%%
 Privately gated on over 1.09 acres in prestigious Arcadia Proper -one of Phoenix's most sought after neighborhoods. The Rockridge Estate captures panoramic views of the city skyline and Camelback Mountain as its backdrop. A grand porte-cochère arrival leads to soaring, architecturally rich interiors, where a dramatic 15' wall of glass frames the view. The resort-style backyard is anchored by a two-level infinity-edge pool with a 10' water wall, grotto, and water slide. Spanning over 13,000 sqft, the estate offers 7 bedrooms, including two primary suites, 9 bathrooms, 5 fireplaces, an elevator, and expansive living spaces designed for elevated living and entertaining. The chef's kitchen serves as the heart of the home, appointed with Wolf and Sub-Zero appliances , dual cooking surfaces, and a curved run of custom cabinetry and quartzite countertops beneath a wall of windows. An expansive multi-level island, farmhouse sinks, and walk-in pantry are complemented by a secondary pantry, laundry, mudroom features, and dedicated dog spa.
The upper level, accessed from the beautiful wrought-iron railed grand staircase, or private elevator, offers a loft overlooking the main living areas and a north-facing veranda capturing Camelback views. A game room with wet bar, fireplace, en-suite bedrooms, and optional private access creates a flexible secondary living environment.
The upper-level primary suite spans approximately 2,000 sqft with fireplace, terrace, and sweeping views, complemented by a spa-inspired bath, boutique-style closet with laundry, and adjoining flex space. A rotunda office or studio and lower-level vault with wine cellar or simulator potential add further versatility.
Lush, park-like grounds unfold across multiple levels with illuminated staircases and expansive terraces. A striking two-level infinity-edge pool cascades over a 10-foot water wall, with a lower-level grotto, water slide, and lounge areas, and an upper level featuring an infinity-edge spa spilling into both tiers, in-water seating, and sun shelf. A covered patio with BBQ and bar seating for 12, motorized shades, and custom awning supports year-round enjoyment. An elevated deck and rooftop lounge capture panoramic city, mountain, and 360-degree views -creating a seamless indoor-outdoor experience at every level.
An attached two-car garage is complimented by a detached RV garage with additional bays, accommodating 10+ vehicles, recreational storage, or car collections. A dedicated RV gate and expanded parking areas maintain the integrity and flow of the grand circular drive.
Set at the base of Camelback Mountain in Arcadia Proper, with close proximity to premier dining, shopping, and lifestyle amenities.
%%
Every record needs to be reproduced exactly, with none skipped.

* _Result below_:
 Privately gated on over 1.09 acres in prestigious Arcadia Proper -one of Phoenix's most sought after neighborhoods. The Rockridge Estate captures panoramic views of the city skyline and Camelback Mountain as its backdrop. A grand porte-cochère arrival leads to soaring, architecturally rich interiors, where a dramatic 15' wall of glass frames the view. The resort-style backyard is anchored by a two-level infinity-edge pool with a 10' water wall, grotto, and water slide. Spanning over 13,000 sqft, the estate offers 7 bedrooms, including two primary suites, 9 bathrooms, 5 fireplaces, an elevator, and expansive living spaces designed for elevated living and entertaining. The chef's kitchen serves as the heart of the home, appointed with Wolf and Sub-Zero appliances , dual cooking surfaces, and a curved run of custom cabinetry and quartzite countertops beneath a wall of windows. An expansive multi-level island, farmhouse sinks, and walk-in pantry are complemented by a secondary pantry, laundry, mudroom features, and dedicated dog spa.
The upper level, accessed from the beautiful wrought-iron railed grand staircase, or private elevator, offers a loft overlooking the main living areas and a north-facing veranda capturing Camelback views. A game room with wet bar, fireplace, en-suite bedrooms, and optional private access creates a flexible secondary living environment.
The upper-level primary suite spans approximately 2,000 sqft with fireplace, terrace, and sweeping views, complemented by a spa-inspired bath, boutique-style closet with laundry, and adjoining flex space. A rotunda office or studio and lower-level vault with wine cellar or simulator potential add further versatility.
Lush, park-like grounds unfold across multiple levels with illuminated staircases and expansive terraces. A striking two-level infinity-edge pool cascades over a 10-foot water wall, with a lower-level grotto, water slide, and lounge areas, and an upper level featuring an infinity-edge spa spilling into both tiers, in-water seating, and sun shelf. A covered patio with BBQ and bar seating for 12, motorized shades, and custom awning supports year-round enjoyment. An elevated deck and rooftop lounge capture panoramic city, mountain, and 360-degree views -creating a seamless indoor-outdoor experience at every level.
An attached two-car garage is complimented by a detached RV garage with additional bays, accommodating 10+ vehicles, recreational storage, or car collections. A dedicated RV gate and expanded parking areas maintain the integrity and flow of the grand circular drive.
Set at the base of Camelback Mountain in Arcadia Proper, with close proximity to premier dining, shopping, and lifestyle amenities.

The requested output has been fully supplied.